(Work request): Pictures found in the material must be left out, and every line returned as written.

(Recorded data):
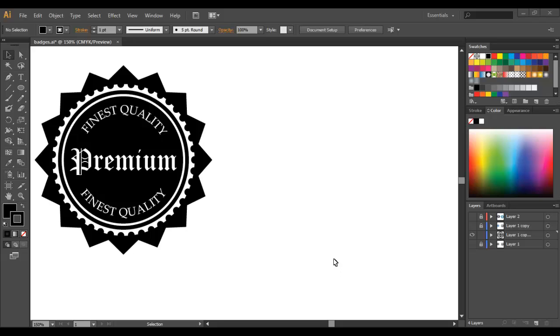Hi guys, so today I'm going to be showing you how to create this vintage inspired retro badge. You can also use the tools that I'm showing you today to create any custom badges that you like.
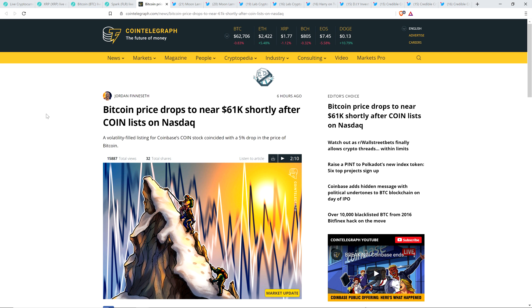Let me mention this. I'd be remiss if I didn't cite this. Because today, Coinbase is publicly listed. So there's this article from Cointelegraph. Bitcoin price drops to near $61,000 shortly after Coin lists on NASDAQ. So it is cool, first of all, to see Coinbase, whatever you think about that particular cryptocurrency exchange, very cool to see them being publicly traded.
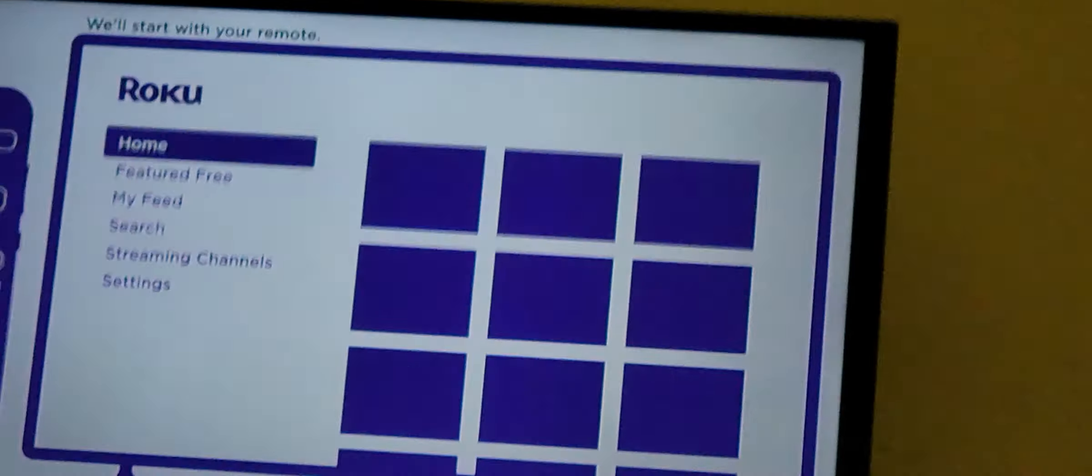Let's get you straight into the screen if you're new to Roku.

(Output for this exercise):
Hi guys, so today I'm going to be showing you how to create this vintage inspired retro badge. You can also use the tools that I'm showing you today to create any custom badges that you like.
Let me mention this. I'd be remiss if I didn't cite this. Because today, Coinbase is publicly listed. So there's this article from Cointelegraph. Bitcoin price drops to near $61,000 shortly after Coin lists on NASDAQ. So it is cool, first of all, to see Coinbase, whatever you think about that particular cryptocurrency exchange, very cool to see them being publicly traded.
Let's get you straight into the screen if you're new to Roku.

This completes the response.